Perché ogni storia fantastica che si rispetti non può che partire da una scoperta quasi sconvolgente, contraria al presunto ordine naturale delle cose. Quella di Maura non fu certo da meno. Si narrava, infatti, che all’interno della lussuosa abitazione, situata in contrada Camuti e significativamente conosciuta come Chianu a Maura, giacesse la misteriosa Pietra della Poesia, capace di instillare, con la sua sola vicinanza, soavi versificazioni nell’animo dei poeti. Della sua presunta presenza, oggi, non resta che qualche rudere scomposto: ma è proprio attorno ad essi che Maura e tanti altri suoi sodali erano soliti darsi appuntamento per dare vita a delle vere e proprie sessioni performative, fatte di tragicomiche declamazioni e di geniali improvvisazioni.
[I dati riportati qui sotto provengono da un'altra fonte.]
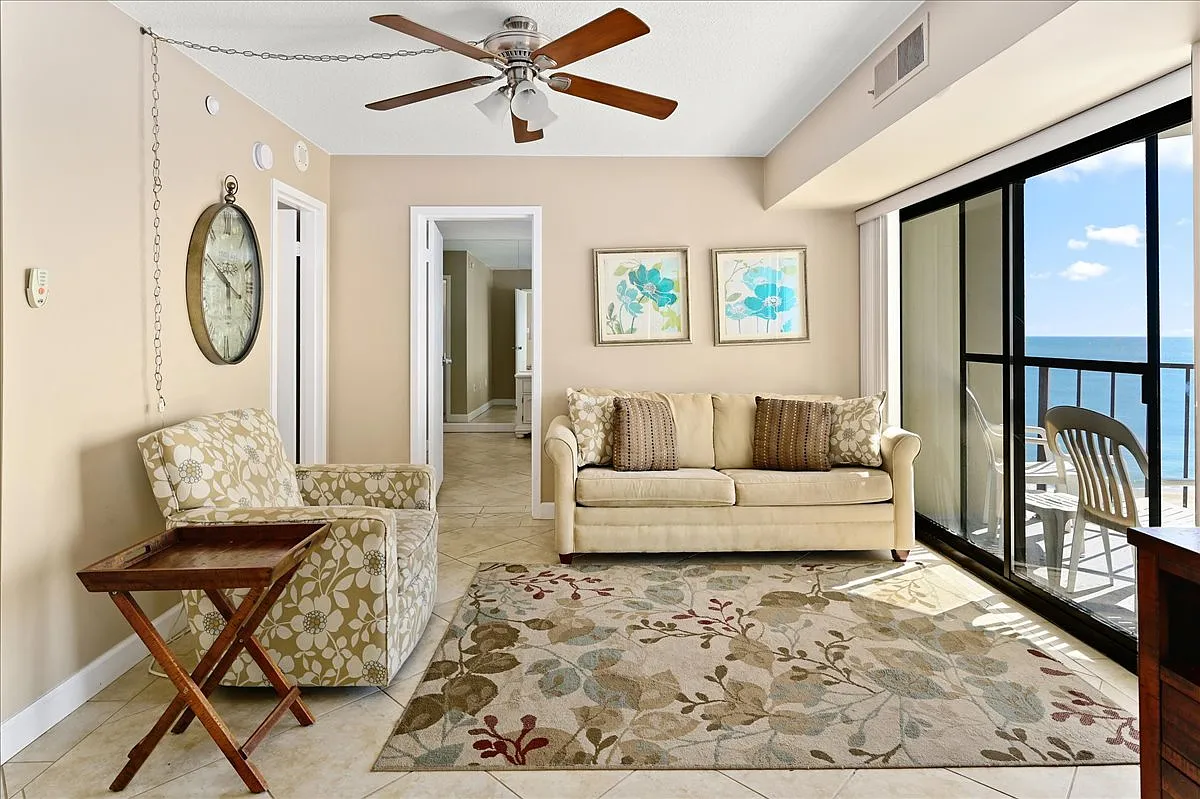 1 bed, 802 sqft, $1,000 — Photo 3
Tutto, rigorosamente, sulla falsariga della poesia in siciliano. Persino nei secoli successivi, fino addirittura alla metà del ‘900, generazioni di poeti, improvvisandosi quasi pellegrini dell’arte, approdavano nelle campagne di Mineo per lasciare che quell’atmosfera magica sussurrasse loro qualcosa da tradurre in rima. Basterebbe già questa notazione, probabilmente, per fare di Maura una sorta di vate mistico della lirica isolana, uno spirito aleggiante legato alla sua pietra, un protettore dei talenti emergenti.
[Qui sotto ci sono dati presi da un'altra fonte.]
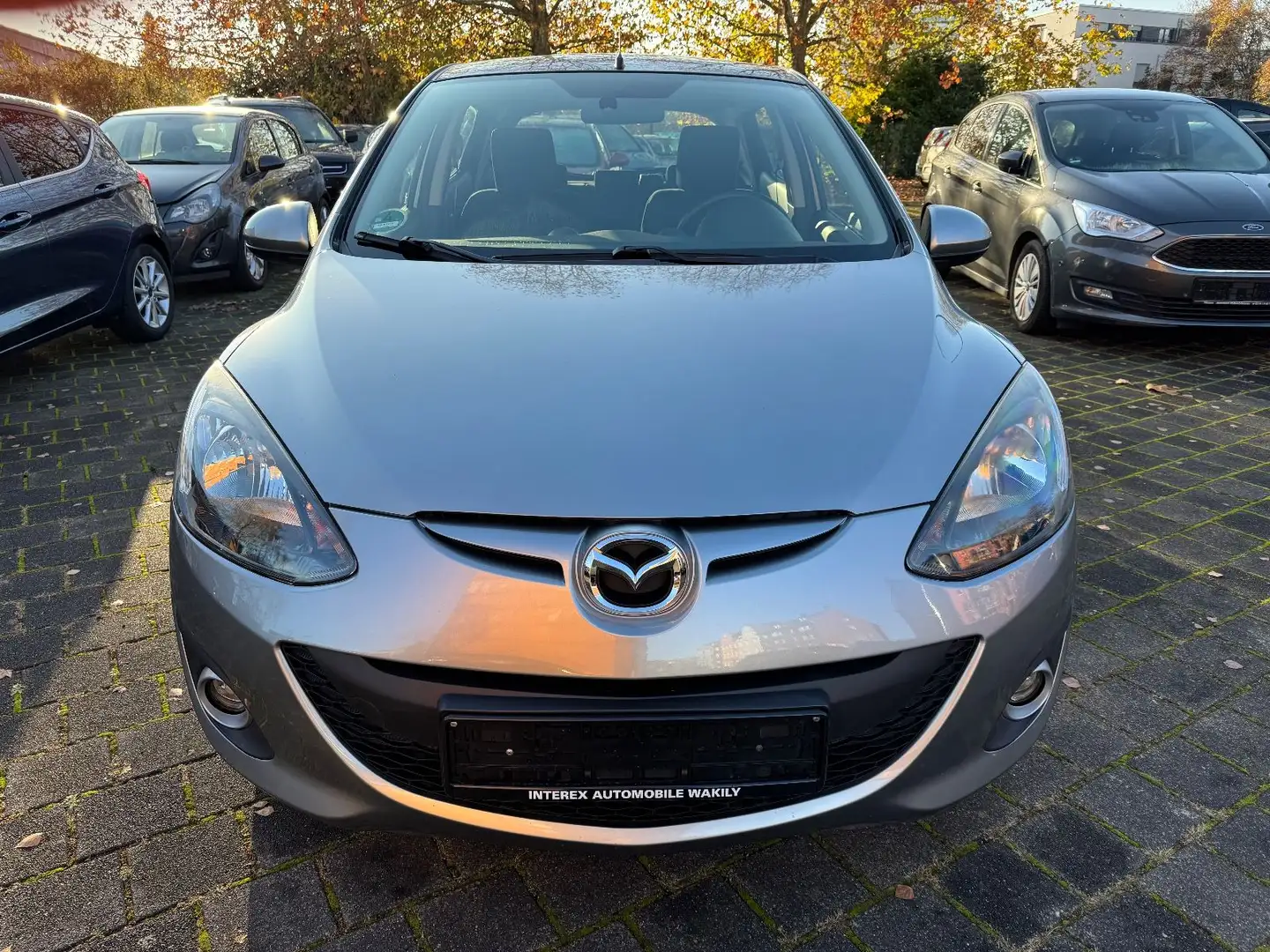 Mazda 2 1.5 MZR Sports-Line TOP/AUTOMATIK/TÜV 12/2026 Silber - 2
Fermarsi a questo, tuttavia, equivarrebbe a grattare soltanto la superficie di un fondale dipinto a motivi ariosteschi. Paolo Maura, d’altro canto, non fu solo un poeta, ma un cavaliere di cui vale la pena cantare “l’arme, gli amor, le cortesie e l’audaci imprese”. La sua giovinezza, in un senso e nell’altro, fu sconvolta dall’incontro con la giovane figlia della potente e spietata famiglia dei Maniscalco. Il loro amore fu aspramente osteggiato: Maura venne più volte raggiunto da provvedimenti legislativi che ne causarono la prigionia in giro per l’isola, senza che questi drammatici trascorsi potessero fiaccarne la volontà. Nemmeno quando alla fanciulla fu imposta la clausura: le cronache del tempo ci riportano di un uomo infaticabile nella sua sete di amore e giustizia. Ogni giorno ed ogni notte il nostro si piazzava dinanzi al monastero, in attesa che l’amata gli concedesse anche solo una fugace occhiata. Qualcuno narra persino che i due, di tanto in tanto, riuscissero ad incontrarsi e che il Maura avesse trovato un passaggio segreto nelle fogne. Fu probabilmente questo eccessivo ardire a costargli caro: il poeta venne nuovamente incarcerato, questa volta per un periodo che non è semplice quantificare. Quando la libertà finalmente sopraggiunse, Paolo Maura non fu più l’uomo che era stato: costretto probabilmente dall’ultimatum dei Maniscalco a sposare un’altra donna, visse la seconda parte della sua esistenza tormentato da una sottile inquietudine. I versi taglienti e brillanti con cui si dilettava a schernire satiricamente i difetti e i paradossi della società del suo tempo lasciarono il posto a sommesse riflessioni moraleggianti. L’amore impetuoso che lo aveva mosso in precedenza si trasformò in una grigia consuetudine. L’agiatezza agreste che aveva contribuito a formarne l’audacia poetica si sgretolò una volta constatato che, in sua assenza, quei terreni erano stati condotti alla rovina. Emblema della sua condizione emotiva sono i componimenti scritti nel 1693, all’indomani del devastante terremoto che mise in ginocchio il Val di Noto: un concentrato di terrore e senso dell’effimero. Da cui emergono gli ultimi guizzi di spirito battagliero, rivolti ai meschini avvoltoi che approfittarono di quella disgrazia per arricchirsi con gli appalti delle ricostruzioni.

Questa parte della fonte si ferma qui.